Die Auseinandersetzung um die jüngsten Präsidentschaftswahlen in Venezuela war auch am Donnerstag nicht beendet. Doch scheint sich das Alltagsleben in der Hauptstadt Caracas langsam wieder zu normalisieren. Am Mittwoch hatte die Regierung einen wichtigen Sieg errungen. Auf einer außerordentlichen Sitzung in Washington wollte sich die US-hörige Organisation Amerikanischer Staaten (OAS) mit der »Wahlkrise in Venezuela« befassen. Dabei wurde von den USA und ihren Verbündeten eine Resolution vorgeschlagen, in der die venezolanische Wahlkommission CNE aufgefordert wurde, die vollständigen Ergebnisse der Wahlen unverzüglich zu veröffentlichen. Zudem wurde eine Überprüfung der Ergebnisse durch unabhängige Beobachter gefordert. Die Vorlage erhielt jedoch nicht die nötige Mehrheit.

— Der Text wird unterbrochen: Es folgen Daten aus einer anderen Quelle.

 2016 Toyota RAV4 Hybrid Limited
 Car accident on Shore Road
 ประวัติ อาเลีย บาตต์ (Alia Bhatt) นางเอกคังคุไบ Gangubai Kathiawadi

Am Mittwoch morgen hatte Venezuelas wiedergewählter Präsident Nicolás Maduro vor dem Obersten Gerichtshof beantragt, im Fall der Cyberattacke gegen das automatisierte Wahlsystem, das in Venezuela benutzt wird, zu ermitteln. Diese hatte den Wahlprozess gestört und verlangsamt. Für ihn habe es sich dabei um einen versuchten Staatsstreich gehandelt. Wie der Staatschef bekanntgab, sei seine Vereinigte Sozialistische Partei Venezuelas (PSUV) bereit, »100 Prozent aller Wahlakten« zu veröffentlichen. Über diese wird sowohl in Venezuela als auch im Ausland rege diskutiert. Es handelt sich um Protokolle, die von den Wahlmaschinen ausgedruckt werden, damit die Zeugen der verschiedenen Parteien, die laut Wahlrecht beim Wahlprozess anwesend sind, diese bestätigen und unterschreiben. Sie bekommen auch eine Kopie.

Am Dienstag hatte Oppositionsführerin María Machado auf X behauptet, die Zeugen ihres Wahlbündnisses »Gemeinsamer Demokratischer Tisch« verfügten über 73 Prozent aller Wahlakten, und diese bewiesen, dass ihr Spitzenkandidat Edmundo González Urrutia den Urnengang gewonnen habe. Am Mittwoch veröffentlichte sie ebenfalls auf X einen Link zu einer Website, auf der diese Wahlakten zu sichten seien. Die Echtheit kann jedoch nicht überprüft werden. Auch hat man keinen Überblick, wie viele Akten dort eigentlich hochgeladen worden sind. Außerdem werden manche Wahllokale trotz Eingabe der Ausweisnummer eines Wählers nicht angezeigt. Unterdessen ist die Website des CNE immer noch nicht aufrufbar, was mit genannter Cyberattacke begründet wird.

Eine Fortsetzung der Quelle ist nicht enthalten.